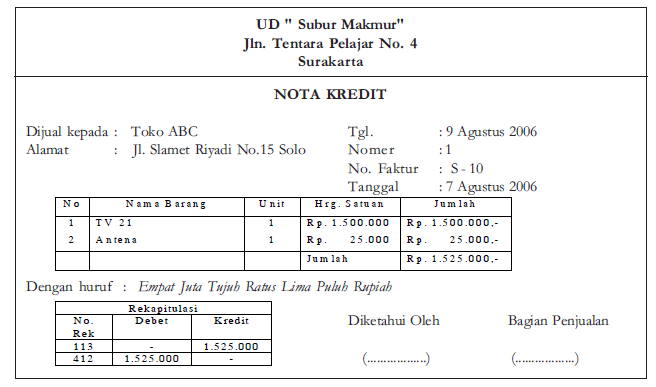 Contoh Nota Kontan, Kredit, dan Debit - Kumpulan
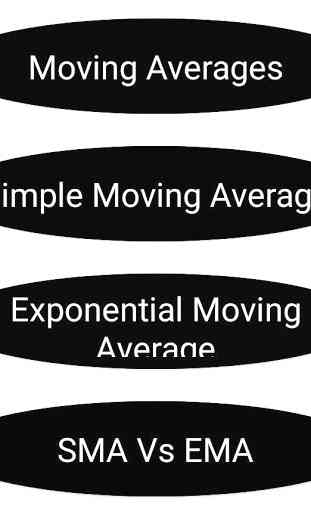 Moving Average Trading Course 1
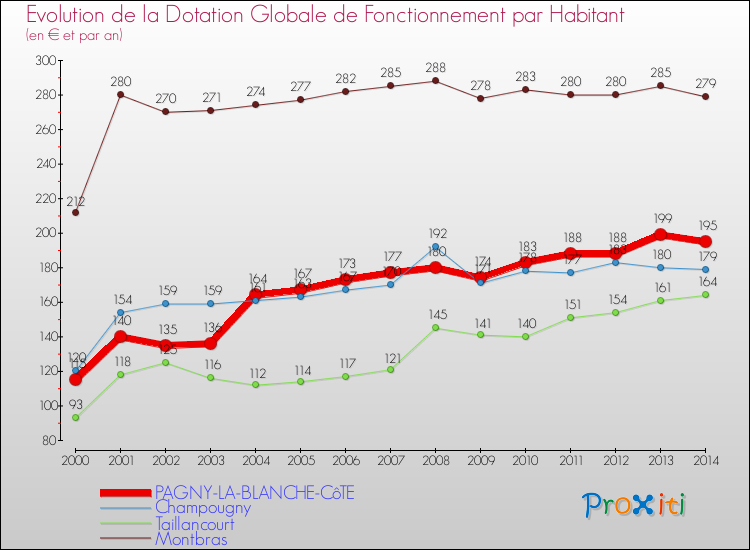 Evolution et montant de la dotation globale de fonctionnement par Habitant pour PAGNY-LA-BLANCHE-CôTE et les communes proches de 2000 à 2014. Comparaison des dotations globales de fonctionnement par habitant pour PAGNY-LA-BLANCHE-CôTE et les communes voisines de 2000 à 2014.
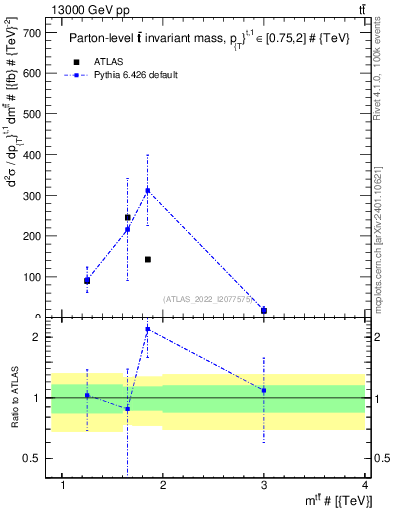 Plot of ttbar.m in 13000 GeV pp collisions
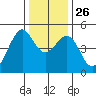 Point San Pedro tide chart for Friday, December 26, 2025
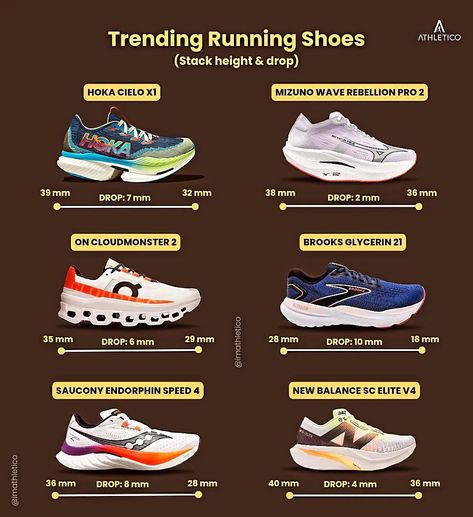 Maximalist Madness or Minimalist Marvel? 🤔 Here are some new & trending running shoes with their stack height & heel-to-toe drop 👟 What's your favorite shoes from this list? #runningshoes #runningshoesreview #runningcoach #runningtips #runningclub #runningcommunity #runnersclub #RunnersofInstagram #imathletico #runnersworld Good Running Shoes, Utility Shoes, Best Running Shoes For Women, Proper Running Form, Running Essentials, Shoes For Running, Track Star, Running Form, Running Shoes Women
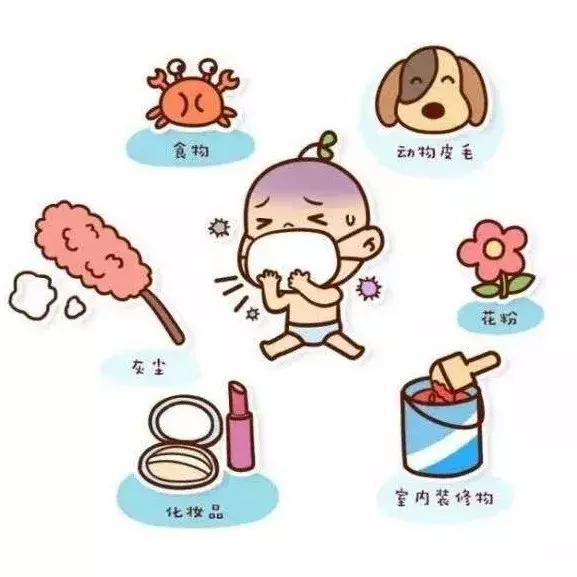 过敏的人千万别大意,过敏不是病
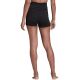 2. Spodenki adidas Yoga Essentials High-Waisted W HD6825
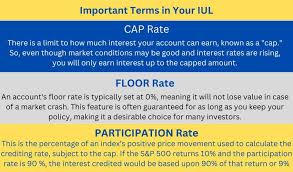 How to Open an Indexed Universal Life (IUL) Insurance Account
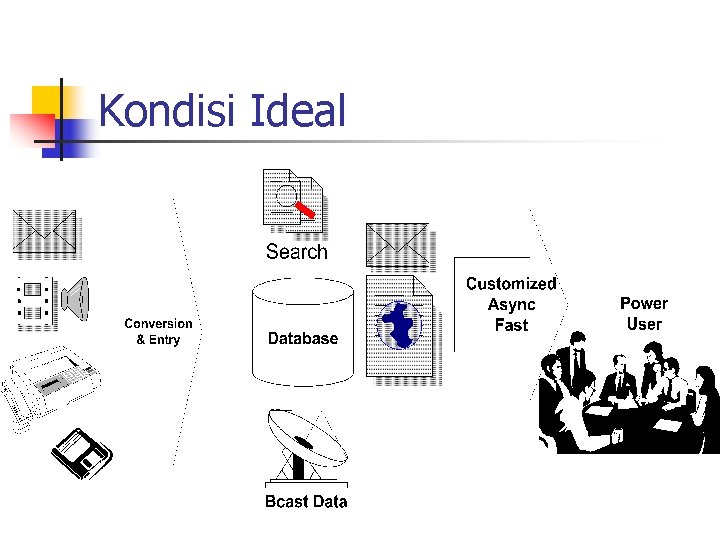 Kondisi Ideal 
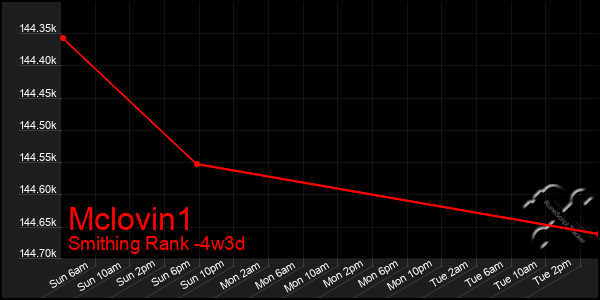 Last 31 Days Graph of Mclovin1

--------------------

■ HOW TO COMPLETE THIS TASK ■
Once the line holding "2. Spodenki adidas" is found, set down that line and every line after it, exactly, through the last line of the records above, omitting pictures.

■ TASK SOLUTION ■
 2. Spodenki adidas Yoga Essentials High-Waisted W HD6825
 How to Open an Indexed Universal Life (IUL) Insurance Account
 Kondisi Ideal 
 Last 31 Days Graph of Mclovin1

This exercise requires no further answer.